NOVA IORQUE – Edwin Chota foi morto na floresta pela qual ele lutou para proteger. O activista ambiental peruano pediu ajuda ao seu governo depois de receber ameaças de morte de lenhadores ilegais que atormentavam a região em torno de sua aldeia, nas profundezas da floresta amazónica. E ainda assim, em Setembro, ele e três outros membros proeminentes da comunidade peruana Ashéninka caíram numa emboscada e foram assassinados num trilho, no interior da selva, enquanto viajavam para se encontrarem com colegas activistas do vizinho Brasil. A viúva de Chota viajou durante seis dias no rio para a capital regional, para comunicar as suas mortes.

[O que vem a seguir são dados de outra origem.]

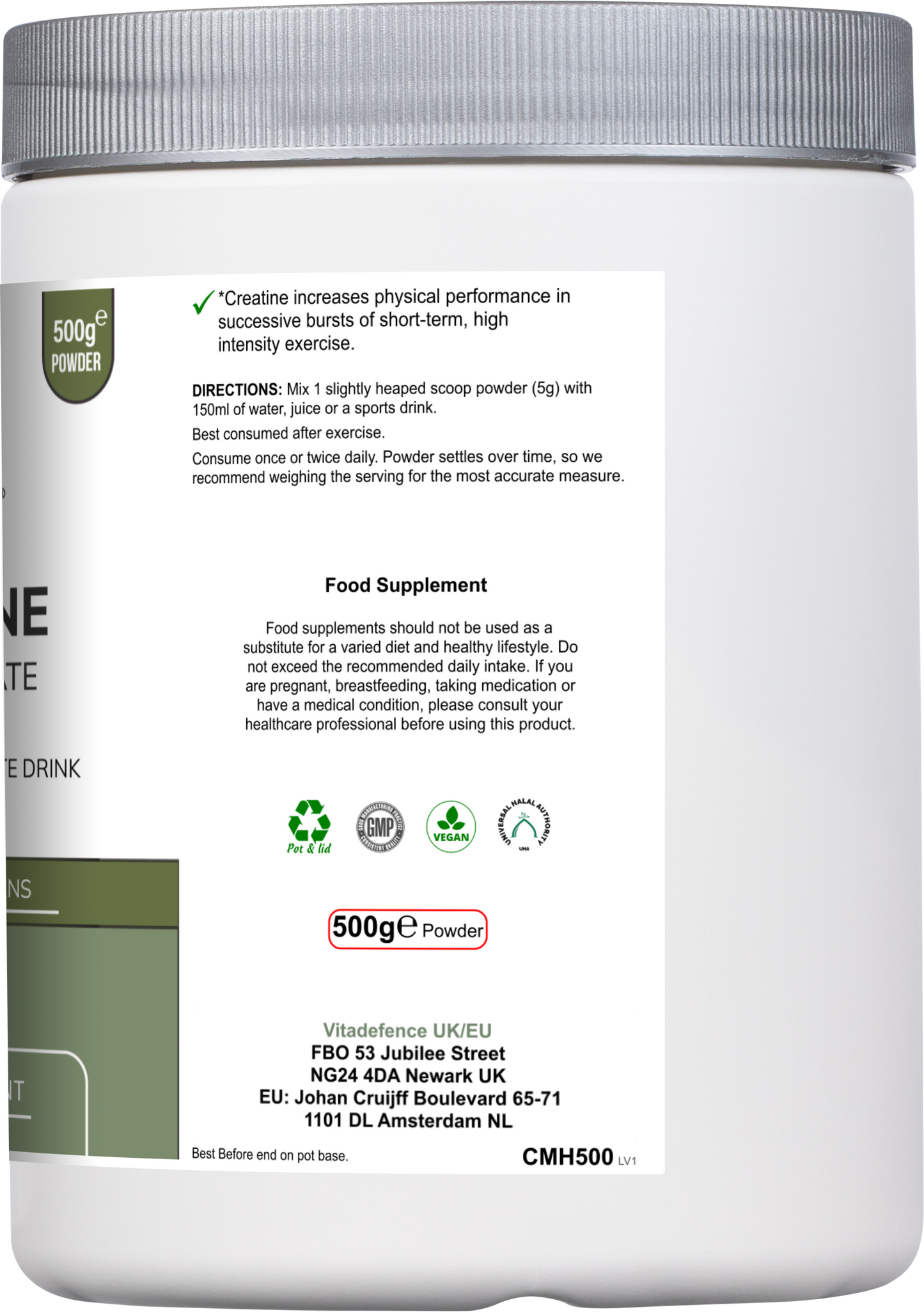 Vitadefence® Creatine Monohydrate | Pure Unflavoured Creatine Powder – 500 g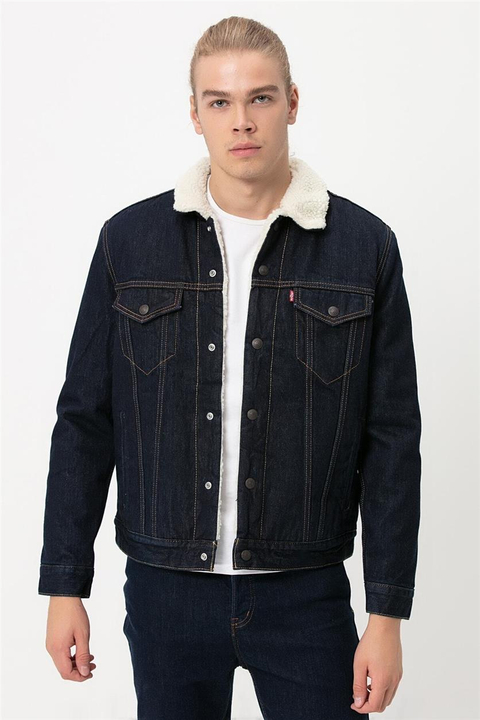 (ORİJİNAL SIFIR) Levi's Erkek Lacivert Type 3 Sherpa Trucker Ceket Beden: L FİYAT: 450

A morte de Chota é uma chamada de atenção para o preço que os activistas locais, em algumas das áreas mais remotas do mundo, estão a pagar à medida que lutam para defenderem as suas comunidades da exploração e da industrialização. A procura mundial por recursos naturais está a crescer e os povos indígenas estão a receber pouca protecção contra aqueles que destroem as suas terras, florestas e rios. Em vez disso, eles estão a ser assassinados com impunidade a um ritmo alarmante, às vezes com a cumplicidade das autoridades governamentais.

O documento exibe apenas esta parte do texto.